Bestselling authors & titles:
In the U.S., Penguin published a record 254 New York Times bestsellers by big-name authors such as Tom Clancy, Patricia Cornwell, Ken Follett, Nora Roberts, and Clive Cussler, as well as new talent such as Deborah Harkness, Amor Towles, and Eleanor Brown. Kathryn Stockett’s The Help was the bestselling title across the US industry, selling five million copies in print and digital in its third year of publication. The Young Readers’ division had another strong year, achieving a high of 41 New York Times bestsellers.
Penguin UK published 78 top 10 bestsellers, 15 more than in 2010, including two of the top five industry titles with Jamie Oliver’s 30-Minute Meals and Dawn French’s A Tiny Bit Marvellous, and a robust performance by Penguin Children’s who were named Children’s Publisher of the Year in 2011.
Growth in developing markets was boosted by the strength of the direct marketing channel and strong publishing in India, including its first 100,000 copy bestseller (Ravinder Singh’s Can Love Happen Twice?).
Key points for analysis & conclusions:
Pearson's continually strong performance can be attributed to continuity in its strategy of organic growth and increased profitability, strong investments in digital strategy (both in its educational and in its trade divisions), and a bold expansion into emerging markets, notably in China, Brazil and India.
In 2010, Pearson announced its best year ever, with sales up 10% and profits increasing by 21%. At Penguin, sales were 1.05 billion GBP, up 5% on the previous year, with adjusted operating profit up 26% to 106 million GBP, with growth driven by an "outstanding" US performance, with a record number of bestsellers, increased market share and expansion in emerging digital platforms and formats.

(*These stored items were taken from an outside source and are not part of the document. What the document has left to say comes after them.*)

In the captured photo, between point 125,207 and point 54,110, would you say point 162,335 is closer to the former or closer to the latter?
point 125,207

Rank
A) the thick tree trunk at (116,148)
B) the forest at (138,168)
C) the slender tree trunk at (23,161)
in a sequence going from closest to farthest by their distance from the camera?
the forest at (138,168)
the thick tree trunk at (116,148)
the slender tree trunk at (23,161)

In its presentation of 2010 results in February 2011, the company stated that Penguin "lead the bestseller lists" in the U.K. and increased its market share to 10%. According to Nielsen BookScan figures, Penguin had a 11.5% share of the market in 2010. Penguin e-book sales were 6% of total revenue and e-book sales were up 182% over 2009. Among the bestsellers identified were Jamie Oliver's 30 Minute Meals, Stephen Fry's The Fry Chronicles, Kathryn Stockett's The Help and A History of the World in 100 Objects.

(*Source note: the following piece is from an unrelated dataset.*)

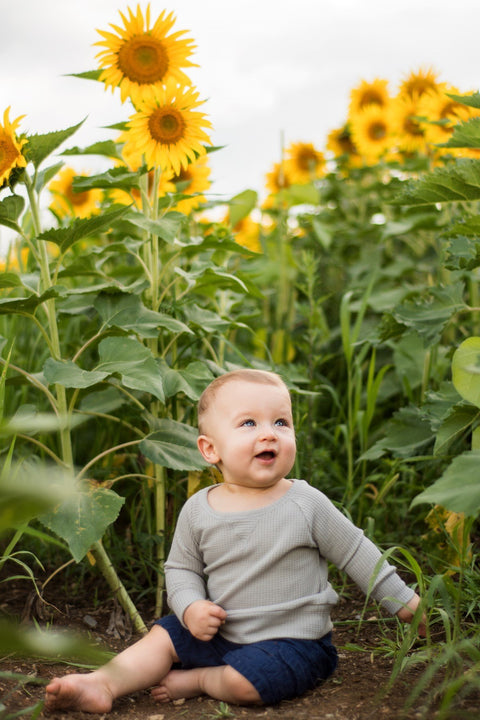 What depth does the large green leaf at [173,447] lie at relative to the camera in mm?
1863

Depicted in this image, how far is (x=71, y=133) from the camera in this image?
6.07 feet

For Pearson Education, revenue was up 9% in 2010, with sales of 4,207 mGBP and an adjusted operating profit of 691 mGBP. Digital sales were up 24% to 1.6bn GBP, accounting for 29% of Pearson's total sales. Its North America Education division had a sales increase of 7% to 2.64 billion GBP and adjusted operating profit up 16% to 469 million GBP. Its International Education business had a sales increase of 19% to 1.23bn GBP with operating profit up 21% to 171m GBP.
Note: Figures are based on sales generated in calendar 2011 or—for corporations with a fiscal year—from fiscal 2011. Data are from publicly available sources and include sales of books, journals, and digital products. Because publishing data were unavailable, Pannini and Disney/Hyperion are excluded from the rankings. The listing and publisher profiles were compiled by international publishing consultant Rudiger Wischenbart under the aegis of Livres Hebdo.